Maximum Margin Bayesian Network Classifiers
Classification is an important task in machine learning. It deals with assigning a given object to one of a number of different categories. We present a maximum margin parameter learning algorithm for Bayesian network classifiers using a conjugate gradient method for optimization to solve this task. In contrast to previous approaches, we maintain the normalization constraints of the parameters of the Bayesian network during optimization, i.e. the probabilistic interpretation of the model is not lost. This enables to handle missing features in discriminatively optimized Bayesian networks. The potentials of the proposed method as well as a comparison to other existing work on maximum margin Bayesian networks is focus of this work.

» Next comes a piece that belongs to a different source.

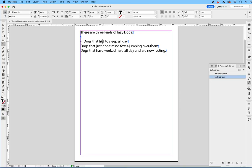So what I'm going to do right now is I like the fact that I have a bullet here, but there's too much space between the bullet and the word dog. Well, that's an easy fix.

The above figure illustrates the capability of the presented maximum margin Bayesian network classifiers in dealing with missing features in the Washington D.C. Mall dataset (details on this dataset can be found in the publication). It shows the classification performance of different classifiers over a varying number of missing features. NB-CG-MM refers to a naive Bayes classifier with maximum margin probability parameters obtained by applying the proposed algorithm, NB-CG-CL is a naive Bayes classifier with probability parameters trained to maximize the conditional likelihood. NB-ML is a naive Bayes classifier with maximum likelihood parameters and SVM (Mean value imputation) refers to classification using a support vector machine where missing features were completed using mean value imputation techniques.